Anonymous wrote:We spent one year at Valor and decided to leave due to a multitude of reasons. Coach didn’t really care honestly and the feedback what terrible. I think maybe inexperience was huge factor. He missed practice sessions and tournaments. Late to start the practice for the most part where the kids were just running around.
Anonymous wrote:
Anonymous wrote:We spent one year at Valor and decided to leave due to a multitude of reasons. Coach didn’t really care honestly and the feedback what terrible. I think maybe inexperience was huge factor. He missed practice sessions and tournaments. Late to start the practice for the most part where the kids were just running around.
There are some folks on here criticizing the parents that left, but we had our kid ID’d at a few other clubs. Needless to say we made it on a number 1 team in a equal division. Go figure. If the parents are happy playing in these lower team with zero expectations than good for them. To me it’s not worth the money. My kids performance has significantly improved just by interacting with better performing players.
Sounds like a bad coach, but just pointing out that none of Valor’s number 1 teams play in NCSL past U10 where the divisions aren’t numbered and scores are not kept. Like other clubs with ECNL-RL or ECNL, only the second and below teams play in NCSL from U11 on up. If you are in fact talking about a U9 or U10 team, I think there’s a lot of guessing and politics that go into placing kids on teams. Coaches get scared to move kids down because their parents can be a nightmare to deal with and/or they leave the club. Moving to a new club is almost necessary in order to move up in a lot of cases.

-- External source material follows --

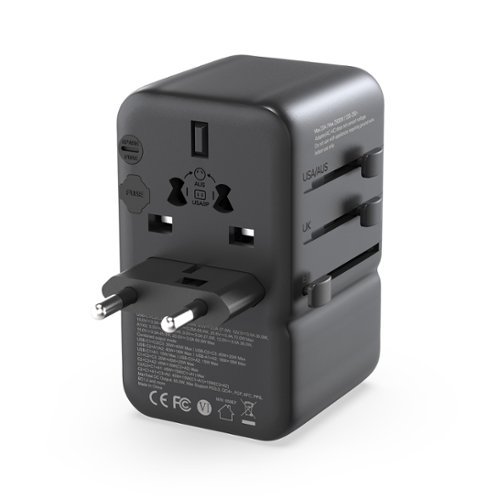 MINIX 85W GaN-III Universal Travel Adapter with 3-USB-C/2-USB-A, AC Outlet, US/UK/EU/AU Travel Charger for Laptops Phones - Black BUY IN EUROPE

Agree. It was mainly due to inexperience, lack of communication and leadership: zero encouragement; pigeon-holing players, even observed some misplaced recognition for other players and even received preferential treatment. More than half the parents left and now are on better teams. For the ones that stayed, they simply shifted everyone up, so the performance relatively stayed the same. These were the parents that really have little to no expectation which is fine and works for them. In my opinion, I do think lot of them hoped to advance and are still waiting for an opportunity. With the limited number of seats to fill a roster on the top teams that doesn't leave much opportunity. You could be waiting a 2-3 more season before getting an offer especially if it's just a rephase of the same kids/parents that they are reluctant to let go due to the politics as you mentioned. This is a disaster for institutional standards. Thanks, but no thanks.